# Transformers
This notebook aims to help gain an understanding of transformers by defining the types of transformers and their functions. The notebook then goes in depth about the architecture of encoders and decoders and the mechanisms that makes up the encoders (examples include feed forward networks and multi-head self attention mechanims)

## Types of Transformers
### Encoder-Only Transformer 
<ins>Function</ins>: Encoder-only transformers take in an input sequence and contextualizes its meaning. It aims to understand the input sequence possibly for other tasks 

<ins>Use Cases</ins>: Classification of Input Data

### Decoder-Only Transformer 
<ins>Function</ins>: Decoder-only transformers take in an output sequence generated by the decoder and uses the output sequence to formulate a continuation of the output sequence.  

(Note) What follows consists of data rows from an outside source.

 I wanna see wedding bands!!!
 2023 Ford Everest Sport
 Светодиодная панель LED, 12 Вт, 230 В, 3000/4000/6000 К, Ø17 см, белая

<ins>Use Cases</ins>: Text Completion 

### Encoder-Decoder Transformer 
<ins>Function</ins>: Encoder-decoder transformers contextualizes the meaning of an input sequence through an encoder, and uses the information to generate an separate output sequence. 

<ins>Use Cases</ins>: Language Translations

# Encoder
Encoders are generally used to obtain contextualized information about the words/phrases in an input sequence. 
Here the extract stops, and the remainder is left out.